If there are \( N \) cards of each color then there are \( \binom {2N} {N} \) possible orders for the colors of the cards. If one were to bet 100% on each card it is possible to win \( $2^{2N} \), but only if you guess the exact order, any mistake leaves $0. So one strategy is to assign \( \frac{1}{ \binom {2N} {N} } \) of your original dollar to each of the potential card color orders, then use the 'bet it all' strategy separately and simultaneously with each equal part of the dollar. All except one are guaranteed to lose, but the one that wins will have \( \frac{2^{2N}}{ \binom {2N} {N }} \).

This yields 8/3, 16/5, 128/35 for N=2, 3, 4, and continues to grow unbounded with N.

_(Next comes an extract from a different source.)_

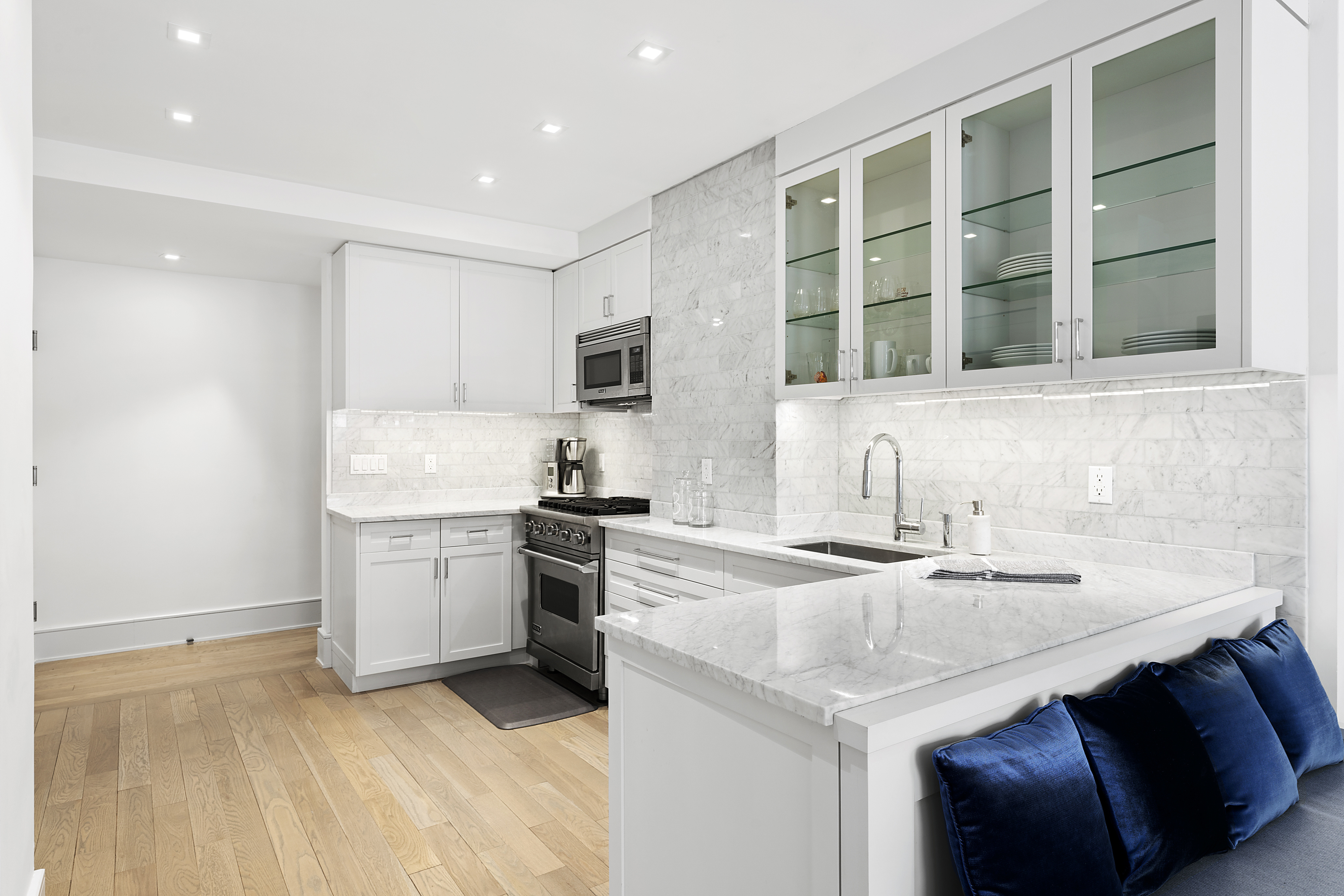 40 West 72nd Street, Unit 121 Manhattan, NY 10023 - Photo 3 of 21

We're not allowed to make multiple bets in a round, but we can execute the strategy 'virtually.' If, on any round, there are \( p \) red and \(q+p\) black cards (WLOG assume \( q \geq 0 \) ), each simulation that is still alive will have the same amount of money, and we are guaranteed that at least p will win and p will lose. So we can get the same net affect by betting \( \frac{q}{q+2p} \) of our total money on black. For example, in the first round we bet zero, and in round 2 we bet \( \frac{1}{2N-1} \) on the opposite of the first color.